→ **Task prompt**
When the listing below reaches the line that has "2/2015 BMW 225i", start reproducing exactly; stop after the line that has "Swix HS6 Blue", and drop the pictures.
(Beginning of Excerpted data)
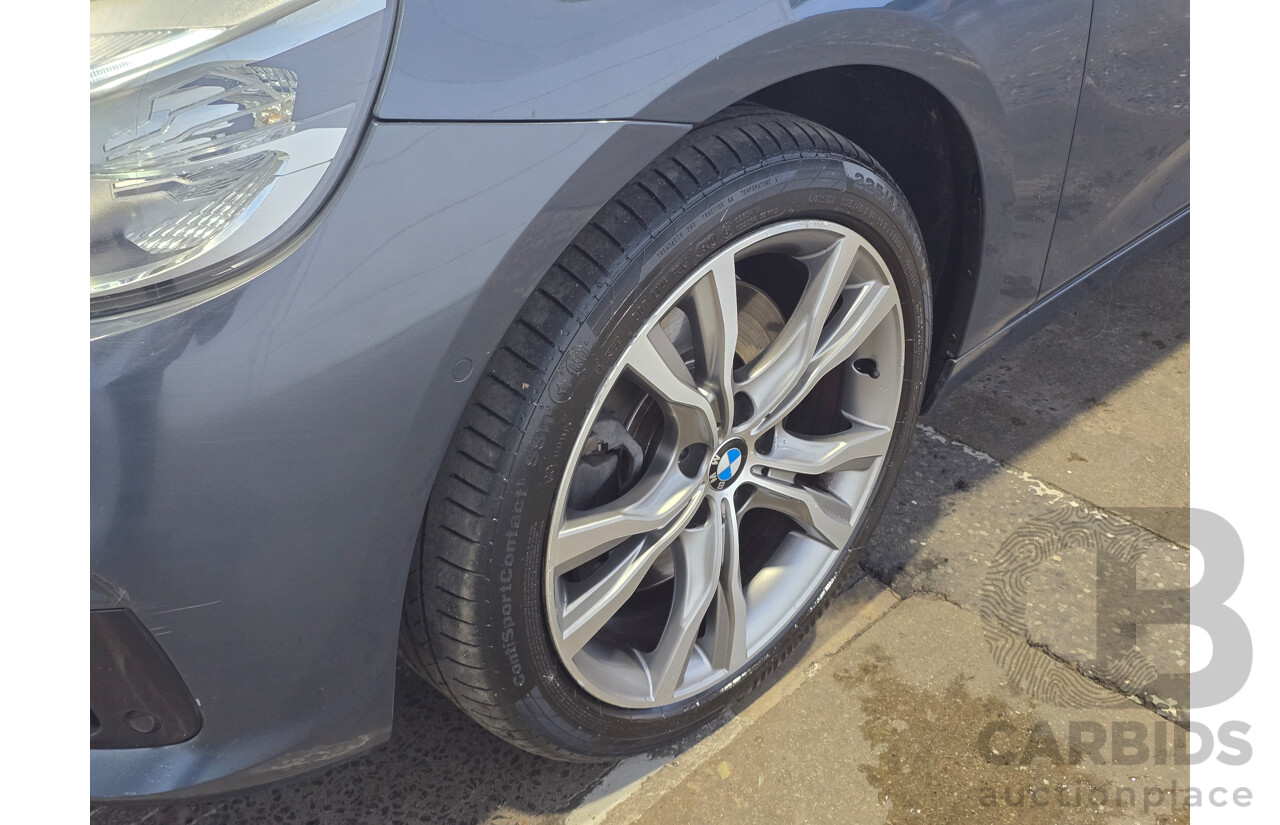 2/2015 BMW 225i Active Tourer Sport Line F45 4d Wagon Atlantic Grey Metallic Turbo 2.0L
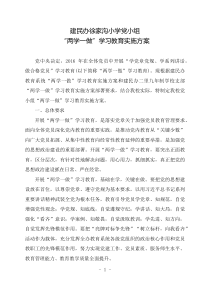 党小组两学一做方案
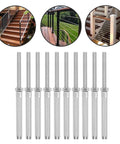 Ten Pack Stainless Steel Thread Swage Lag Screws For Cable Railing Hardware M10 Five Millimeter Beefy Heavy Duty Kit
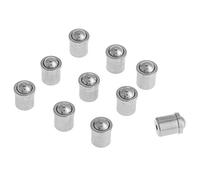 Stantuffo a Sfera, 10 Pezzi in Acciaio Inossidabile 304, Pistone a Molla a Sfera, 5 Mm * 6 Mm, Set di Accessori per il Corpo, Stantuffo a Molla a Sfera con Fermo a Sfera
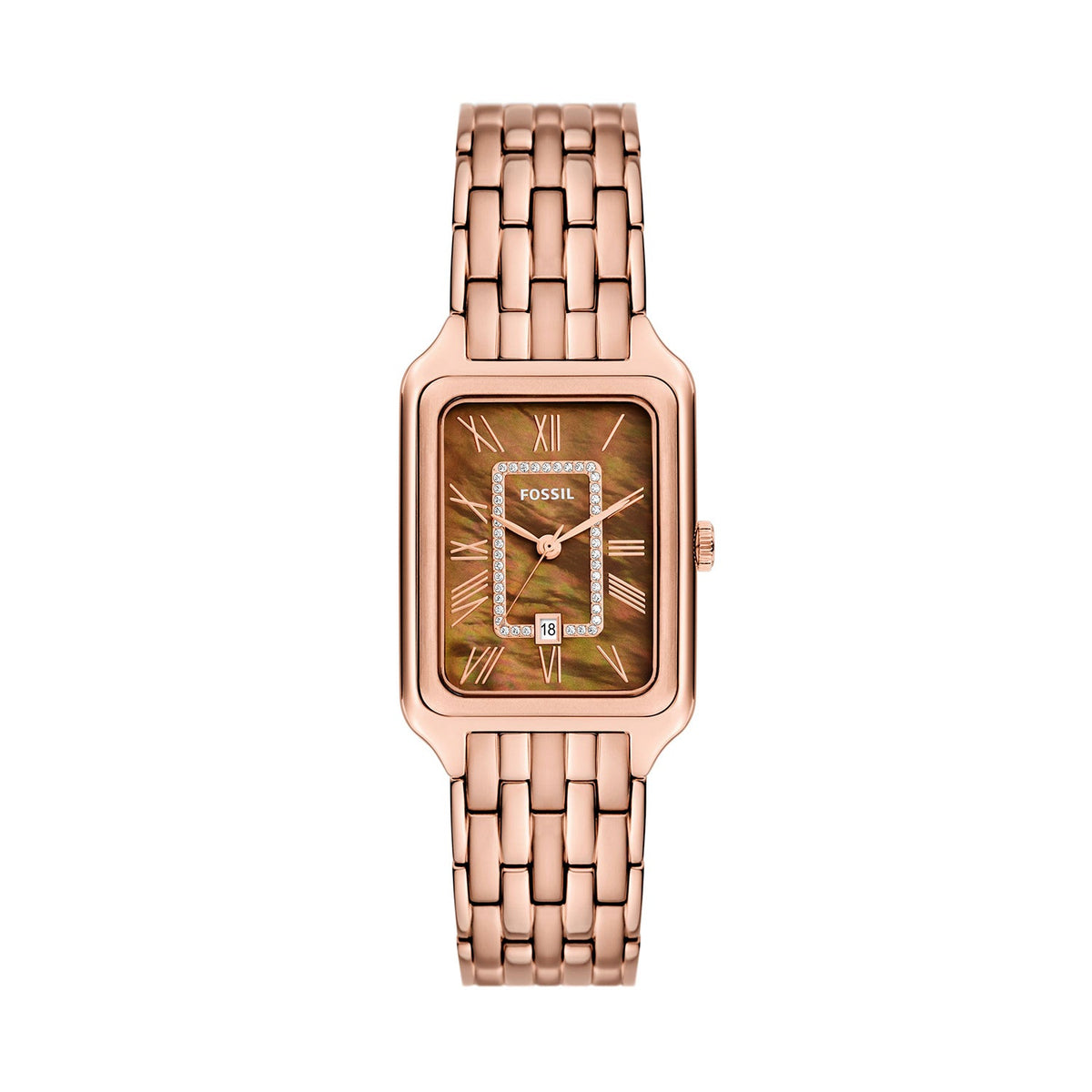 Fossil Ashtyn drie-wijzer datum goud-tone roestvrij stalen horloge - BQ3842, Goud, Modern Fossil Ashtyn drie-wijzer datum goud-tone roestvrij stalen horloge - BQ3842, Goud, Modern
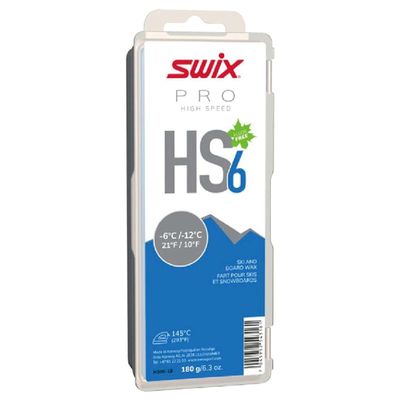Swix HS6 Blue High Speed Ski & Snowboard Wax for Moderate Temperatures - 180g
(End of Excerpted data)
(Beginning of Excerpted data)
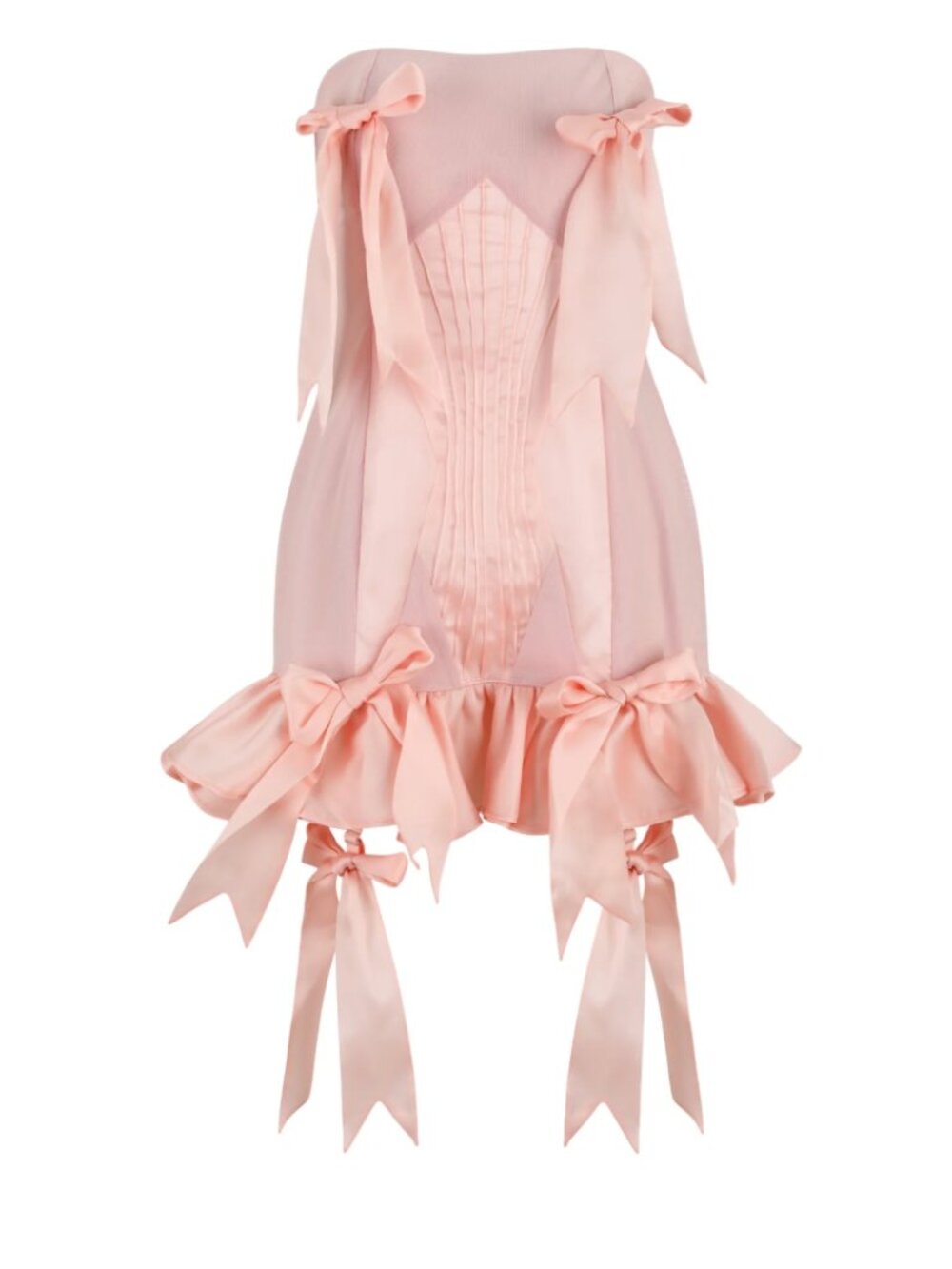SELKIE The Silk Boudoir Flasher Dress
(End of Excerpted data)
→ **Completed task**
 2/2015 BMW 225i Active Tourer Sport Line F45 4d Wagon Atlantic Grey Metallic Turbo 2.0L
 党小组两学一做方案
 Ten Pack Stainless Steel Thread Swage Lag Screws For Cable Railing Hardware M10 Five Millimeter Beefy Heavy Duty Kit
 Stantuffo a Sfera, 10 Pezzi in Acciaio Inossidabile 304, Pistone a Molla a Sfera, 5 Mm * 6 Mm, Set di Accessori per il Corpo, Stantuffo a Molla a Sfera con Fermo a Sfera
 Fossil Ashtyn drie-wijzer datum goud-tone roestvrij stalen horloge - BQ3842, Goud, Modern Fossil Ashtyn drie-wijzer datum goud-tone roestvrij stalen horloge - BQ3842, Goud, Modern
Swix HS6 Blue High Speed Ski & Snowboard Wax for Moderate Temperatures - 180g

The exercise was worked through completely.